Yowza, that's a lot of gear! I did find some very positive reviews on the FD TSE. I may just keep my eyes open and if I can find a bargain on one you'll have a customer 

Cheers and good luck with your adapter biz!


----------



## dirtcastle (May 10, 2012)

I really appreciate all these helpful posts, even Ontarian for hijacking and plugging his gear (just messing with you buddy). ;-) 

The 14mm looks great, but in this focal range, I want full control over all types of distortion. Plus, I also feel like the 17mm TS-E is gonna be a better value for giving me so many variables to play with, beyond aperture. I definitely want a lens that can make me some money on the architectural/interiors scene. I'm hoping the 17mm TS-E will force me to step up my "pro" game.

The ability to add a teleconverter to the 17mm TS-E is the deal-winner for me. I've also considered the 45mm TS-E f/2.8, but a 35mm equivalent is close enough!

Thanks again, y'all!


----------



## kirispupis (May 11, 2012)

dirtcastle said:


> I really appreciate all these helpful posts, even Ontarian for hijacking and plugging his gear (just messing with you buddy). ;-)
> 
> The 14mm looks great, but in this focal range, I want full control over all types of distortion. Plus, I also feel like the 17mm TS-E is gonna be a better value for giving me so many variables to play with, beyond aperture. I definitely want a lens that can make me some money on the architectural/interiors scene. I'm hoping the 17mm TS-E will force me to step up my "pro" game.
> 
> ...



If you are looking for a 35mm equivalent and want to buy one of the current EF lenses, then the TS-E 24 II is a far better choice than the TS-E 17 for the following reasons.

- You lose a lot more quality with a 2x converter than a 1.4x
- The 24 is sharper than the 17 to start out with
- The 17 has serious flare issues (no surprise given the front of the lens). The 24 handles flare very well.
- The 24 can take filters, the 17 cannot (or at least cannot easily...)
- The do not have to worry as much about the front of the lens and don't have the huge lens cap to carry around


----------



## dirtcastle (May 11, 2012)

kirispupis said:


> If you are looking for a 35mm equivalent and want to buy one of the current EF lenses, then the TS-E 24 II is a far better choice than the TS-E 17 for the following reasons.
> 
> - You lose a lot more quality with a 2x converter than a 1.4x
> - The 24 is sharper than the 17 to start out with
> ...



Those are all important considerations. 

My concern, vis-a-vis "17mm vs 24mm", is that I will lose the wide end of the focal range (between 17mm and 24mm). It seems like a lot of the potential work I might see for this lens is with interiors. And it would seem like 24mm is going to be too tight for kitchens, entryways, master bathrooms, etc.
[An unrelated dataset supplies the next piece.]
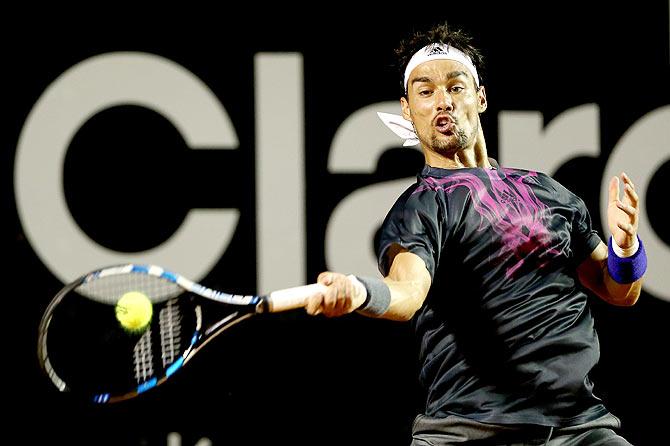 Fabio Fognini returns a shot to Rafael Nadal \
The 35mm equivalent is really just a "bonus" mostly, not as crucial as I might have suggested with my comment. My biggest concern is not being covered on the wide end. I can always crop a 17mm shot down to 24mm, and so on.

If I were shooting primarily outdoor shots with plenty of distance, then the 24mm would be my choice. But for the price tag, the versatility of the 17mm seems more practical for me. Maybe if there was a reverse teleconverter... then the 24mm would look a lot more practical. ;-)


----------



## Drizzt321 (May 11, 2012)

dirtcastle said:


> kirispupis said:
> 
> 
> > If you are looking for a 35mm equivalent and want to buy one of the current EF lenses, then the TS-E 24 II is a far better choice than the TS-E 17 for the following reasons.
> ...



17mm vs 24mm in terms of field of view reminds me of when I recently rented the 14mm. Holy wide angle batman! 17mm is a bit less wide, but it's still going to be a huge difference compared to the 24mm.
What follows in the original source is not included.